◆ **WHAT THIS TASK INVOLVES**: Every line below must come back exactly as it stands, with the images omitted.

◆ **DATA EXCERPT**:
━━━
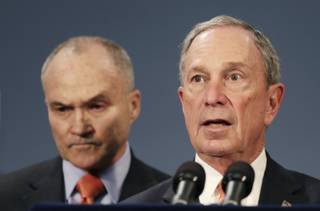 New York City Police Commissioner Raymond Kelly, left, and Mayor Michael Bloomberg hold a news conference, Thursday, April, 25, 2013 in New York. The two say the Boston Marathon bombing suspects intended to blow up their remaining explosives in Times Square. They said Dzhokhar Tsarnaev  told Boston investigators from his hospital bed that he and his brother had discussed going to New York to detonate their remaining explosives. 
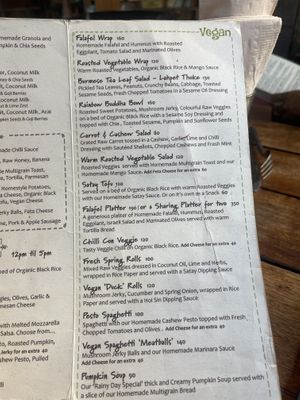 Menu 28/08/2023  at Coconut Monkey in Koh Tao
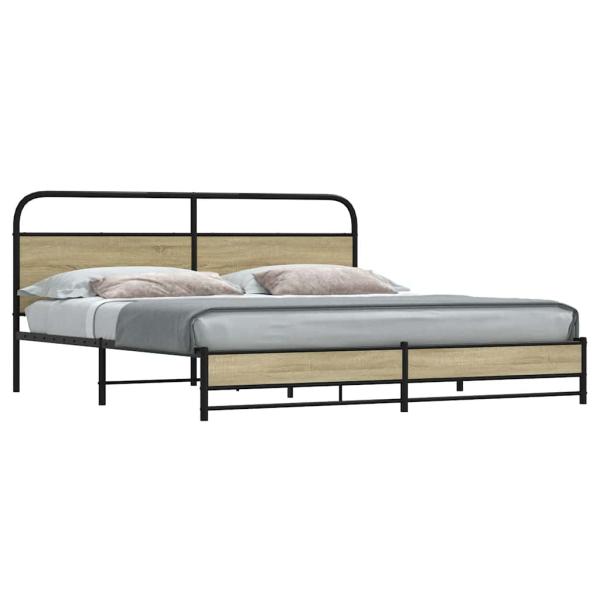 ARDEBO.de - Metallbett ohne Matratze Sonoma-Eiche 183x213 cm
━━━
◆ **ANSWER SPACE**:
 New York City Police Commissioner Raymond Kelly, left, and Mayor Michael Bloomberg hold a news conference, Thursday, April, 25, 2013 in New York. The two say the Boston Marathon bombing suspects intended to blow up their remaining explosives in Times Square. They said Dzhokhar Tsarnaev  told Boston investigators from his hospital bed that he and his brother had discussed going to New York to detonate their remaining explosives. 
 Menu 28/08/2023  at Coconut Monkey in Koh Tao
 ARDEBO.de - Metallbett ohne Matratze Sonoma-Eiche 183x213 cm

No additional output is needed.